Client-side inspection / control (no `listen` required):

- `workflow.start(opts)` → `{ workflow_id, run_id, status }` — Start a workflow
  - `opts`: `{ workflow_type, workflow_id, input?, task_queue? }`
- `workflow.signal(workflow_id, signal_name, payload)` — Send a signal
- `workflow.describe(workflow_id)` → table — Get current state + result
- `workflow.cancel(workflow_id)` — Cancel a running workflow

### Workflow handler context (`ctx`)

Inside `workflow.define(name, function(ctx, input) ... end)`:

- `ctx:execute_activity(name, input, opts?)` → result — Schedule an activity, block until complete,
  return result.
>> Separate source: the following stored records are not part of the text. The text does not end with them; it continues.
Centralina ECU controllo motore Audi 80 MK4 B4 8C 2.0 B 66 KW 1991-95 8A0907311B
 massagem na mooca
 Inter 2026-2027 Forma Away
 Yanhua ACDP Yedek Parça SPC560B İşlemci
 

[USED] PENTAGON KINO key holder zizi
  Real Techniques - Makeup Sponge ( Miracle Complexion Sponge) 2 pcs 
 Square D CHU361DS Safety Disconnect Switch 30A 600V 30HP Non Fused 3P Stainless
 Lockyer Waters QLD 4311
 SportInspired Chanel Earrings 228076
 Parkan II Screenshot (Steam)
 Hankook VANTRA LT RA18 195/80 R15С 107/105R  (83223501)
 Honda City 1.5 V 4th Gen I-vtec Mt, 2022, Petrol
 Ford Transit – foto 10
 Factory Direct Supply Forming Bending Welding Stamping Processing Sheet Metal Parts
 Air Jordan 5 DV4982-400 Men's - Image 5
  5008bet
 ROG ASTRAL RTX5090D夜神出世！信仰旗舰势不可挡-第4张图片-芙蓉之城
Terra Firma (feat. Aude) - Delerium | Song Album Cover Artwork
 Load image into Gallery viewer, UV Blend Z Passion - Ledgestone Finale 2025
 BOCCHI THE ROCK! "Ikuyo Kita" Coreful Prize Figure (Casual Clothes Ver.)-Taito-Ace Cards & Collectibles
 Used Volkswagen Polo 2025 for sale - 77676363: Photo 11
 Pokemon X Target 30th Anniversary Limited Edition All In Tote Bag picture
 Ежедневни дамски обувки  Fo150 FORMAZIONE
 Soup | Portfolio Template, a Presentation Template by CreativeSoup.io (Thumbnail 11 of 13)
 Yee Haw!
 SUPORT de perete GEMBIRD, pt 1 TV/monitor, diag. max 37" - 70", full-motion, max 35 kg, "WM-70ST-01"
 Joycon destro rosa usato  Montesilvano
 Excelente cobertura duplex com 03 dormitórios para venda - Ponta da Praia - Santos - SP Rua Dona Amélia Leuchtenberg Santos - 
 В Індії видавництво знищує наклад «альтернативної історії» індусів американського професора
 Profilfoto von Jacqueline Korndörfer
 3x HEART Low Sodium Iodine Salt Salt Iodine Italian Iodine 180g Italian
Raises if the activity fails after retries. `opts`:
  `{ task_queue?, max_attempts?, initial_interval_secs?, backoff_coefficient?,
  start_to_close_secs?, heartbeat_timeout_secs? }`.
- `ctx:sleep(seconds)` → nil — Durable timer. Survives worker bouncing; another worker resumes the
  workflow when the timer fires.
- `ctx:wait_for_signal(name)` → payload — Block until a matching signal arrives. Returns the
  signal's JSON payload (or nil if signaled with no payload). Multiple waits for the same name
  consume signals in arrival order.
- `ctx:start_child_workflow(workflow_type, opts)` → result — Start a child workflow and block until
  it completes; raises if it failed. `opts.workflow_id` is required and **must be deterministic**
  (same id every replay).
- `ctx:side_effect(name, function() … end)` → value — Run a non-deterministic operation exactly
  once. The function runs in the worker, the value is recorded in the workflow event log, and on
  every subsequent replay the cached value is returned without re-running. Use for `crypto.uuid()`,
  `os.time()`, anything reading external mutable state.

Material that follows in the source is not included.